Another HIV Vaccine Has Failed — So What Happens Now?

“We hope to have a vaccine ready for testing in about two years. Yet another terrible disease is about to give way to patience, perseverance and outright genius.”

That is what Margaret Heckler, the US Secretary of Health, said about the HIV epidemic in 1984.

But four decades and some 40 million deaths later, the world still has no vaccine to protect against HIV.

Last week, Johnson and Johnson became the latest pharmaceutical firm to pull out a potential contender.

The US company announced that its vaccine, the world’s only candidate still in late-stage trials, was ineffective.

The study, known as Mosaico, tested the injection in 3,900 men and transgender people across North America, South America and Europe. But while analysts thought it was safe, the trial was stopped because the vaccine was no more effective at preventing HIV infections than a placebo.

It is yet another blow to an important field of research that has become accustomed to disappointment.

To date, eight HIV vaccine candidates have reached the final stage of clinical trials. All have failed at the last hurdlewith only one showing signs of modest efficacy in a trial in Thailand between 2003 and 2006.

Johnson and Johnson tried to build on the modest success of the Thai study, but in the end it just didn’t work out.

So why is it so hard to develop a vaccine against HIV? After all, scientists had developed a jab for Covid and were in trials within months of the virus emerging.

‘No one is cured of HIV’

Experts are still confident that they will one day produce a successful HIV vaccine, but they point to some formidable challenges that still need to be overcome.

Perhaps most notably, there is no “nature road map” that scientists can copy or improve on.

“When we get measles, we recover from the measles and there’s an immune response that our body builds, [and we can design a vaccine] that copies that response,” says Professor Salim Abdool Karim, director of the Center for the AIDS Program of Research in South Africa.

“No one has recovered with HIV. There is no immune response that occurs naturally. Nature has nothing we can copy.”

He added that when Sars-Cov-2 emerged, previous research into the first Sars outbreak had already identified which part of a coronavirus to target — the so-called “spike protein.” But this is not the case with HIV.

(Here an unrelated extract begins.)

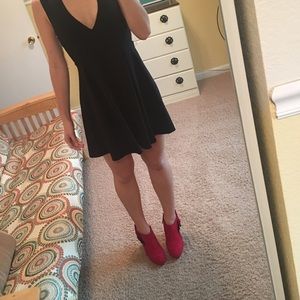 Meet your Posher, Noelle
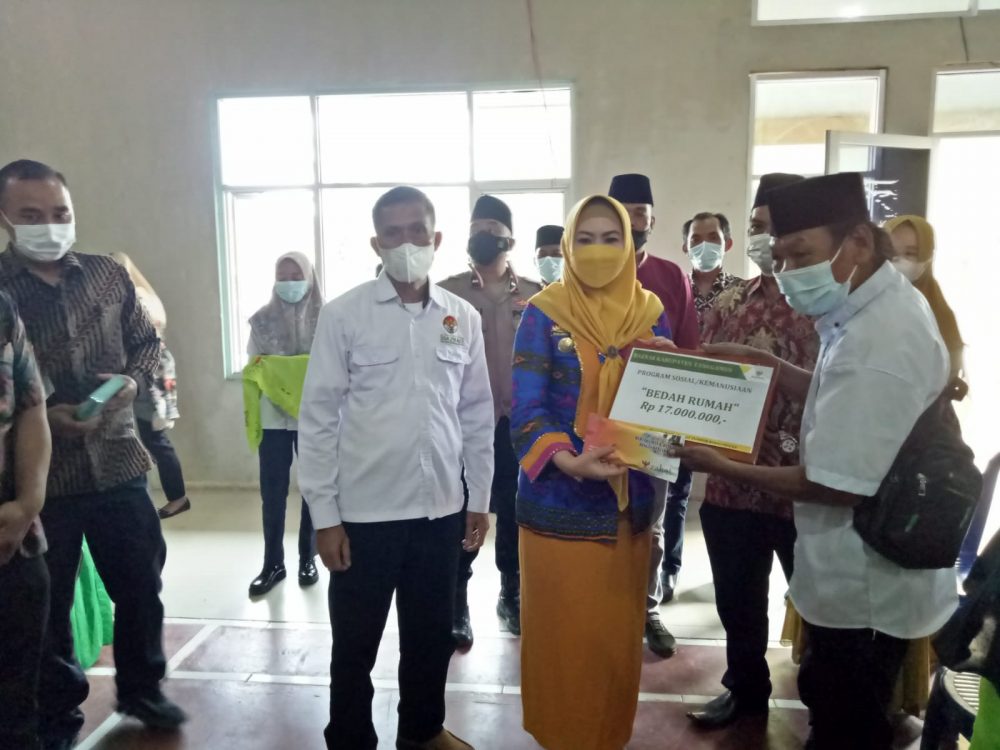 Keliling Dua Kecamatan, Bupati  Berikan Bantuan Hingga Besuk Warga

“Even though we have the technology to make a vaccine, we don’t know what [part of the virus] it has to make,” Prof Karim said.

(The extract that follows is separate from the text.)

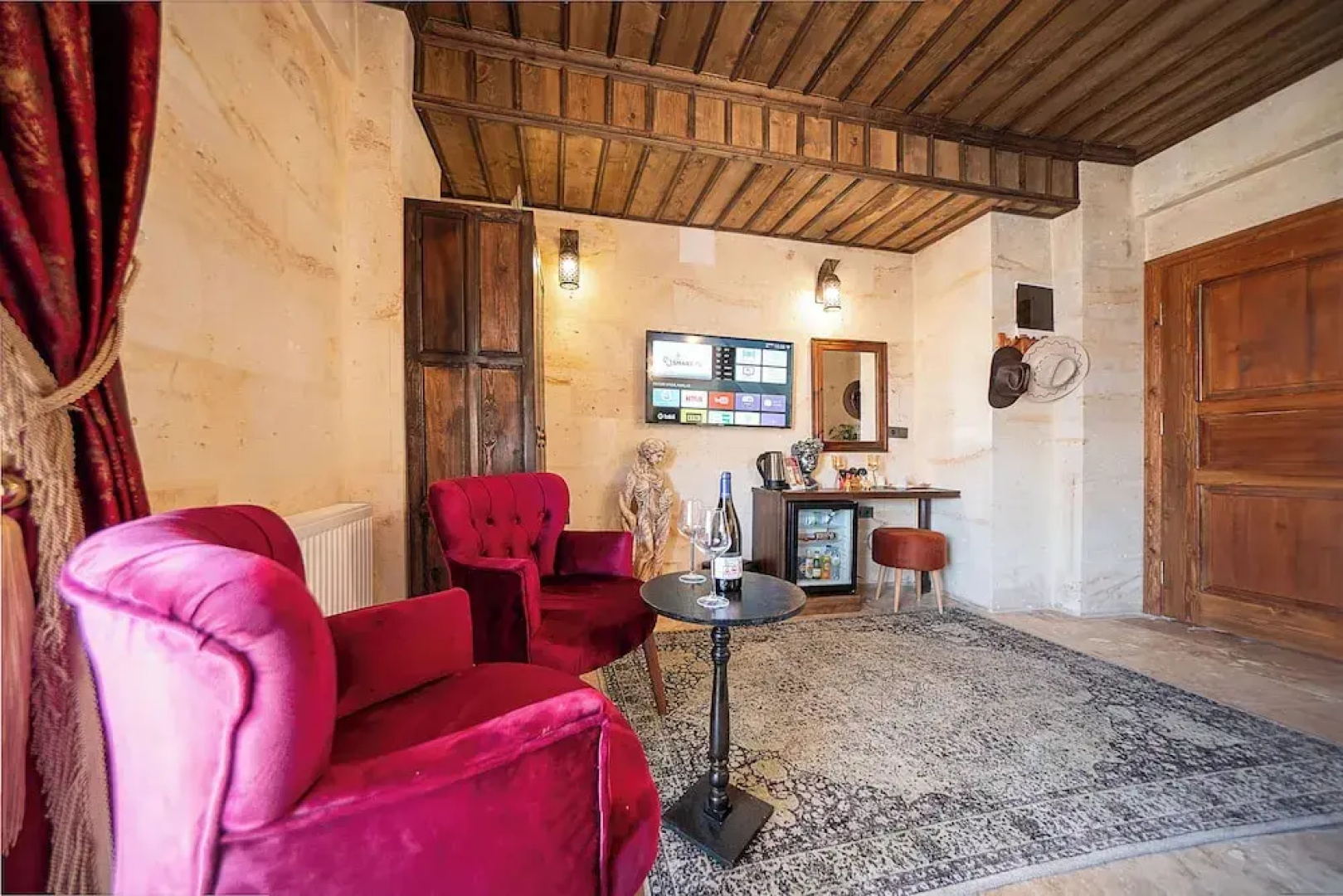 Abra Stone House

The HIV virus also lurks in chromosome CD4 cells, where it is not easily visible to the immune system,” said Tomáš Hanke, a professor of vaccine immunology at the University of Oxford, who has worked on HIV vaccines for 30 years.

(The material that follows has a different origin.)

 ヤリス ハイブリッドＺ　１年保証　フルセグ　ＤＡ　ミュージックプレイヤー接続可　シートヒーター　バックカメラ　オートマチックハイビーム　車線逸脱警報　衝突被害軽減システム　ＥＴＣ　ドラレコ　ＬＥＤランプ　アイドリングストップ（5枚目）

He added that the pathogen’s genetic makeup is also changing rapidly — much faster than Sars-Cov-2, the Covid virus. This means that by the time you create a vaccine to fight it, the virus may have already left.

And finally, said Prof. Karim, there is no reliable animal model that can serve as a basis for HIV virus research.

“We have these real problems that make an HIV vaccine so, so difficult,” he said.

But the optimism remains.

“[The latest setback] is disappointing, but the positive thing is that we have learned”, says Prof. Hanke. “[The Johnson and Johnson vaccine] was designed several years ago, when perhaps we knew less. But the trial confirmed that some ways of using T cells and antibodies just don’t work, and we have a good idea of ​​how to improve this.”